### WHAT NEEDS TO BE DONE
Using the entries below, copy exactly each line from the line with "컨베이어 수출액 및 수출규모 현황. 자료=데이터포털" up to and including the line with "Міністерські статки: що показали декларації Міністерські", with every picture left out.

### WORKING DATA
BEGIN

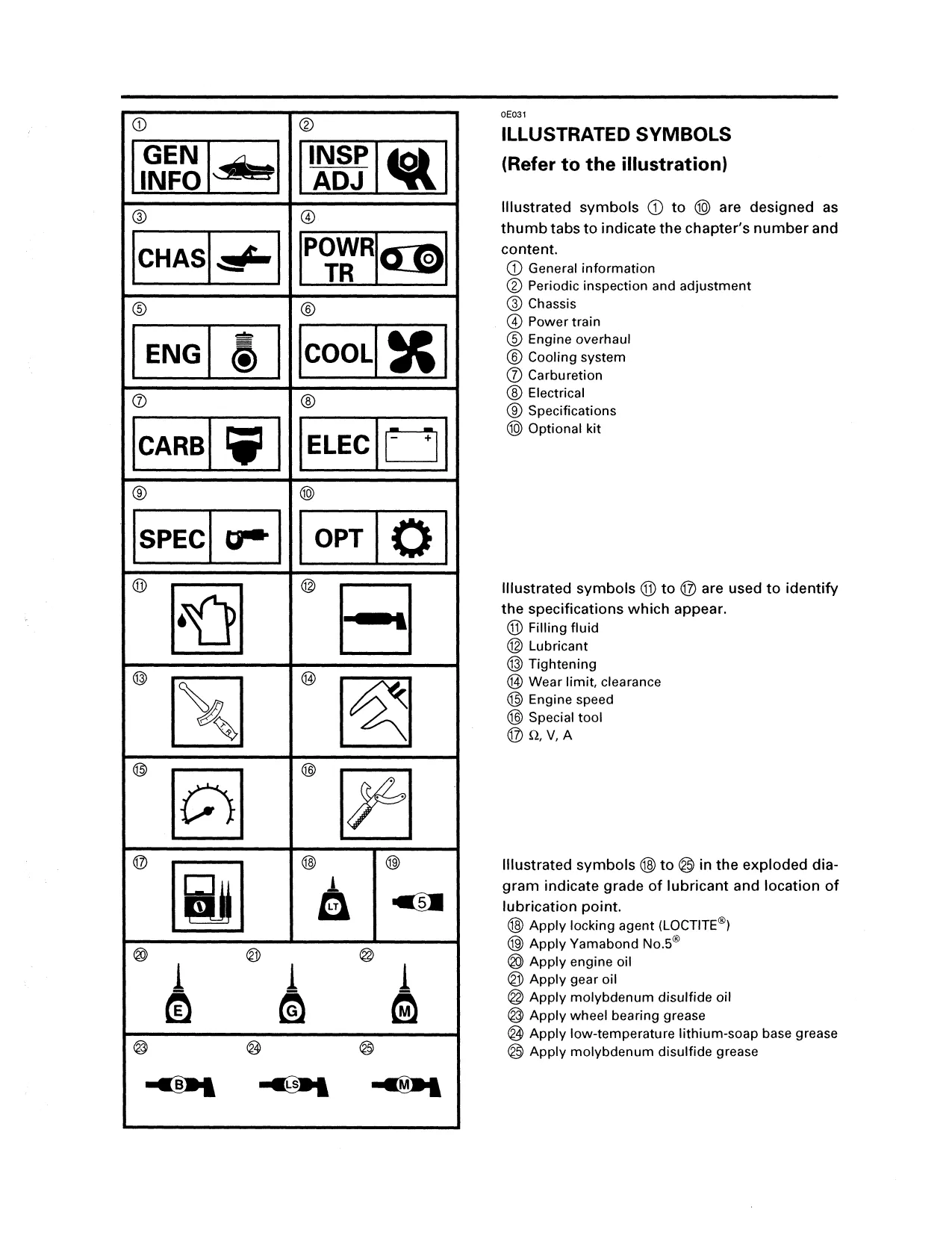 1990-1998 Yamaha PZ480 Phazer snowmobile service and shop manual Preview image 4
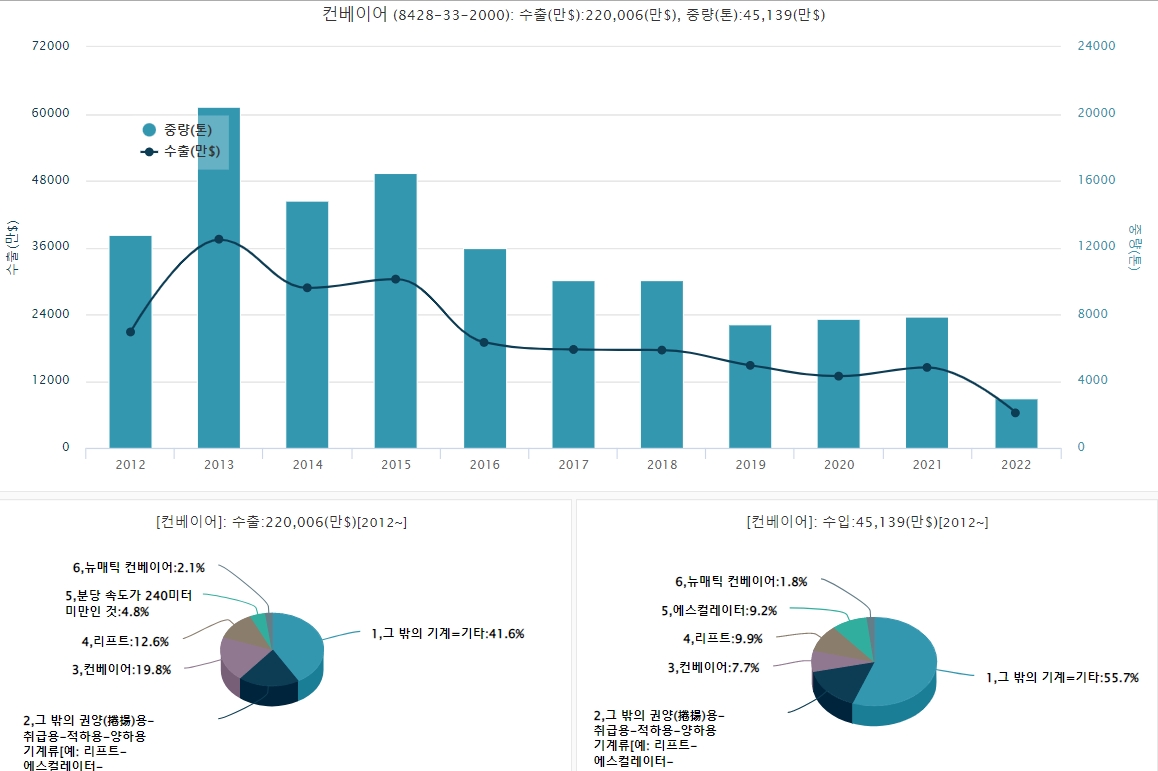 컨베이어 수출액 및 수출규모 현황. 자료=데이터포털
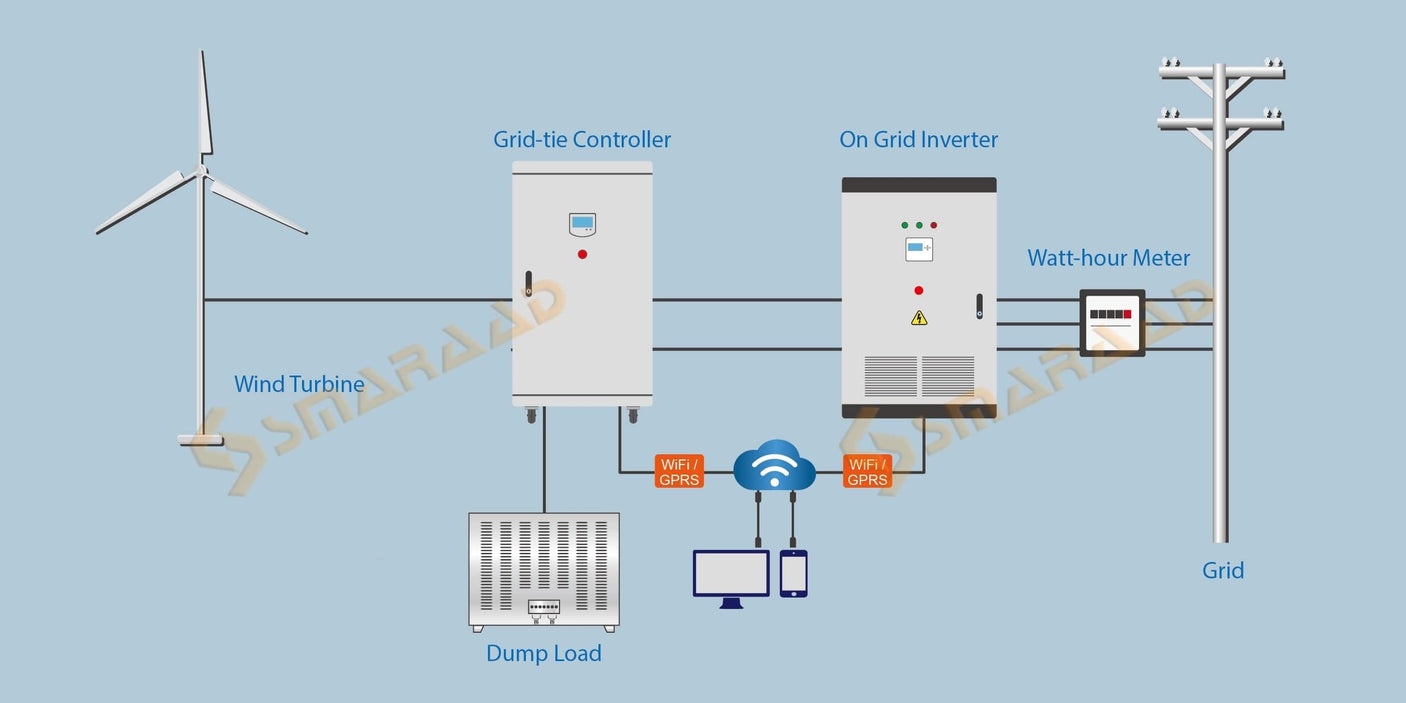 1000W Wind Turbine 1000W Solar Panels Wind Power BushLine   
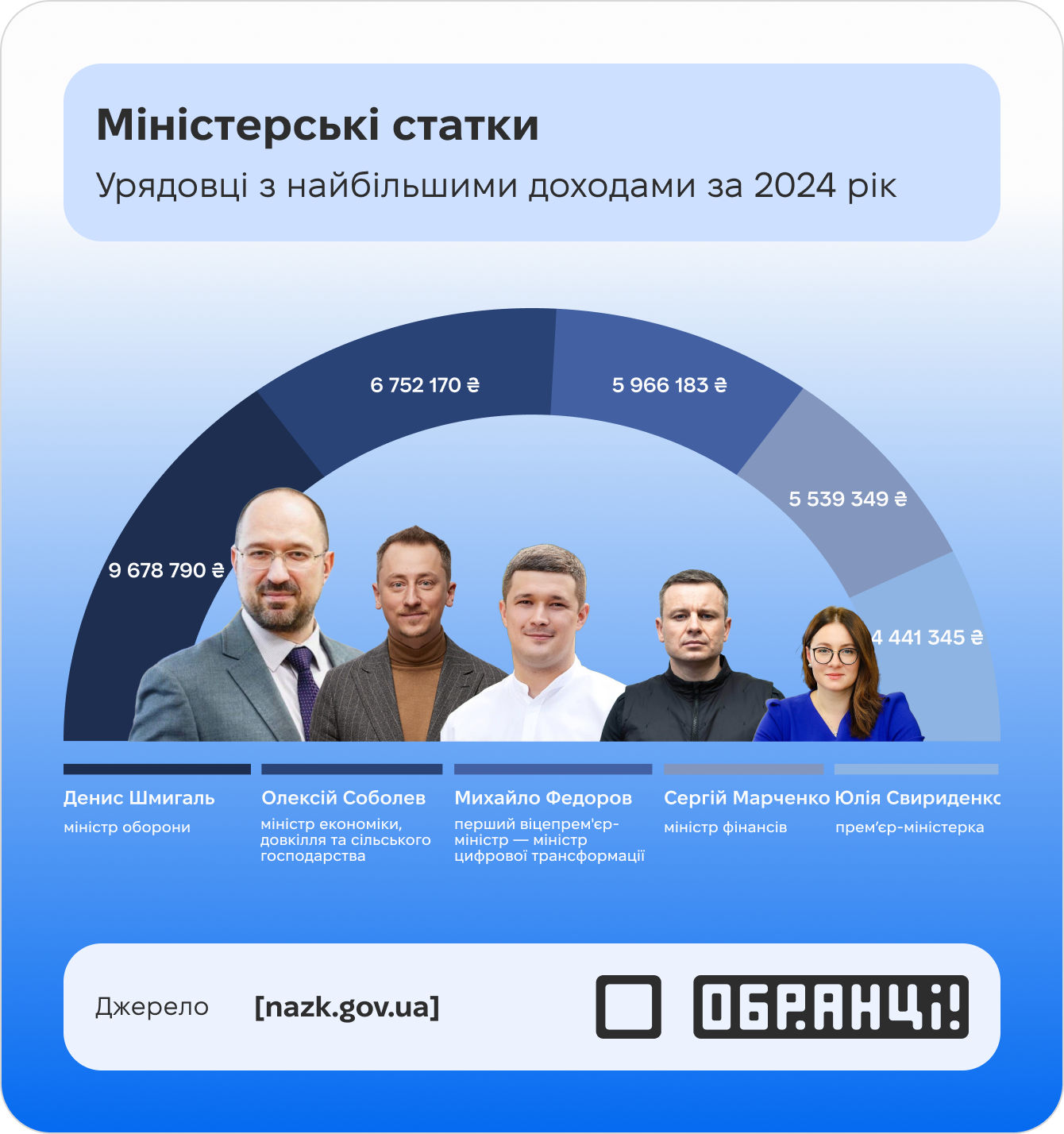 Міністерські статки: що показали декларації Міністерські статки: що показали декларації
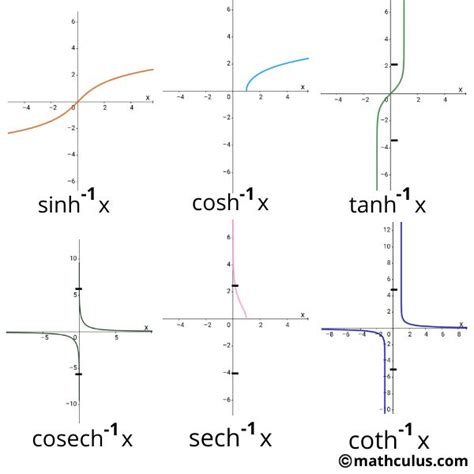 Inverse Hyperbolic Trigonometric function graph | Trigonometric functions, Graphing, Step function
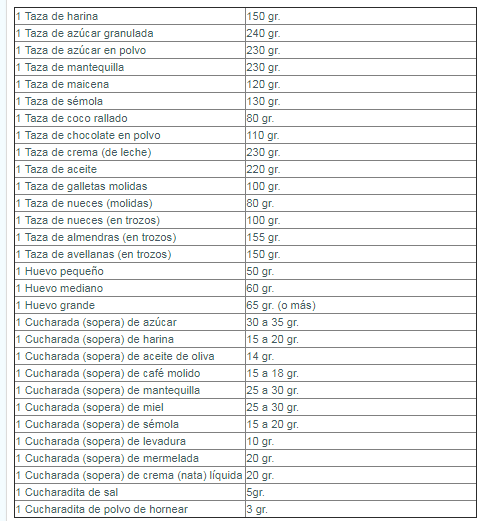 medidas en cucharadas.PNG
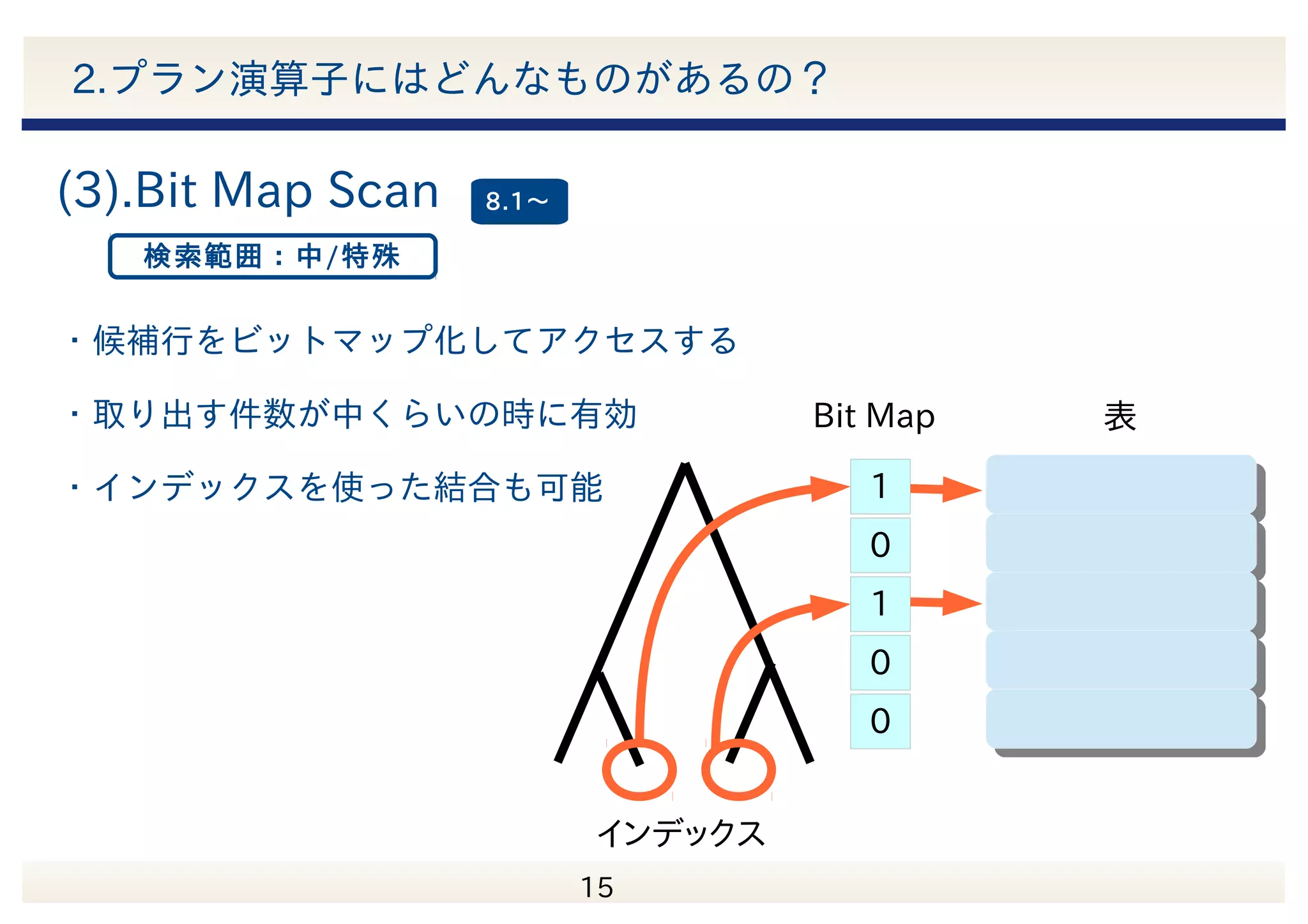 　 15 2.プラン演算子にはどんなものがあるの？ 33 44 66 77 99 63 ・取り出す件数が少ない時に有効 ・インデックスとテーブルを 　交互にアクセス ・ランダムアクセス 表インデックス (2).Index Scan 検索範囲：狭 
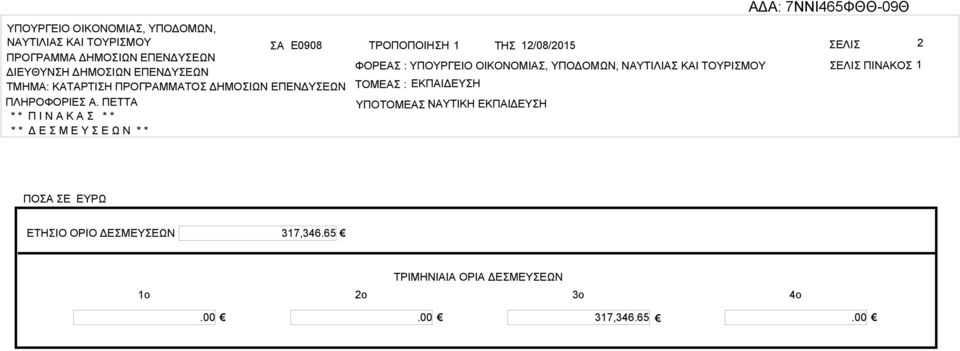 ΝΥΤΙΚΗ : ΕΚΠΙΔΕΥΣΗ * * Π Ι Ν Κ Σ * * * * Δ Ε Σ Μ Ε Υ Σ Ε Ω Ν * * ΠΟΣ ΣΕ ΕΥΡΩ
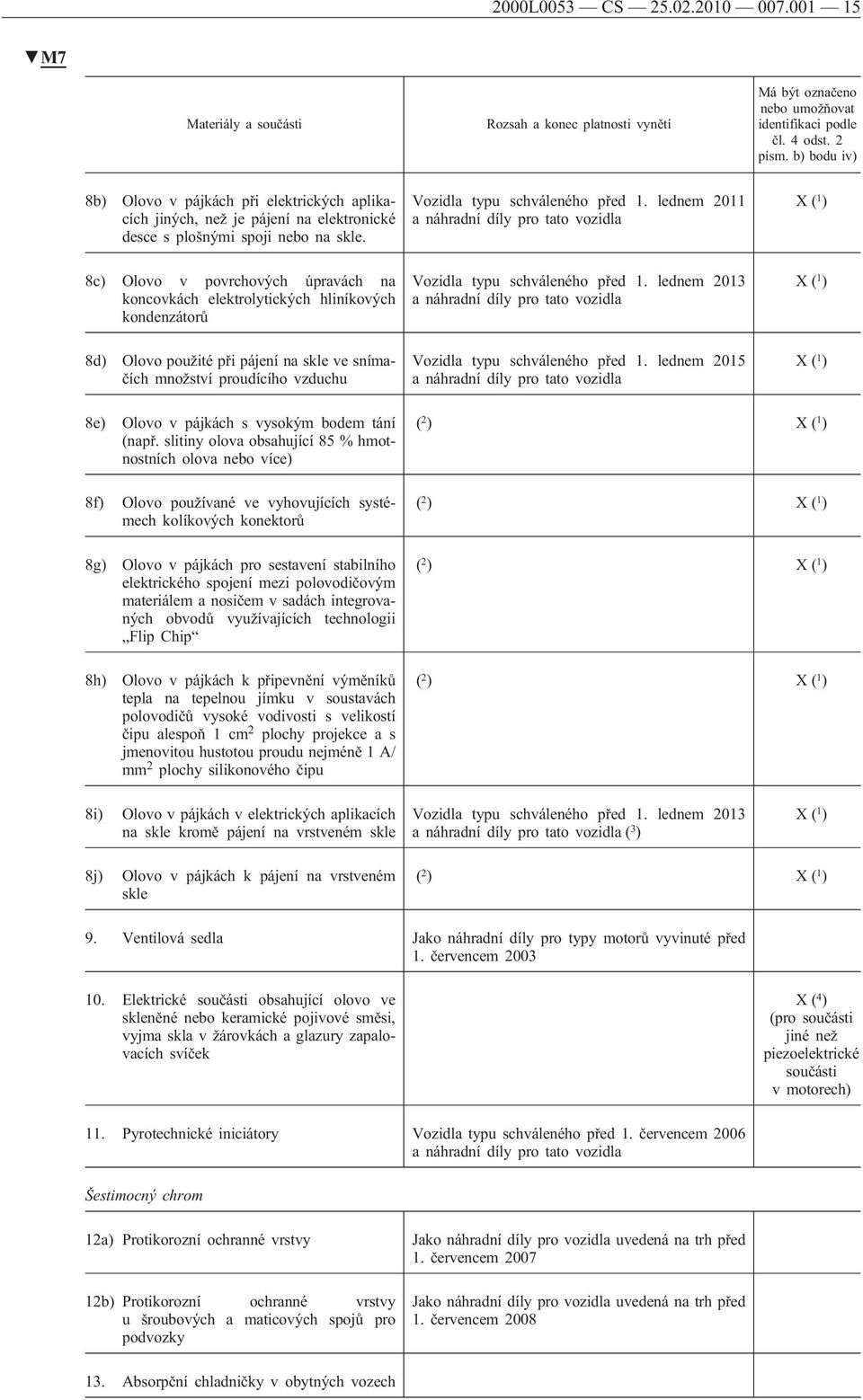 lednem 2011 a náhradní díly pro tato vozidla X( 1 ) 8c) Olovo v povrchových úpravách na koncovkách elektrolytických hliníkových kondenzátorů Vozidla typu schváleného před 1.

END

### RESULT
 컨베이어 수출액 및 수출규모 현황. 자료=데이터포털
 1000W Wind Turbine 1000W Solar Panels Wind Power BushLine   
 Міністерські статки: що показали декларації Міністерські статки: що показали декларації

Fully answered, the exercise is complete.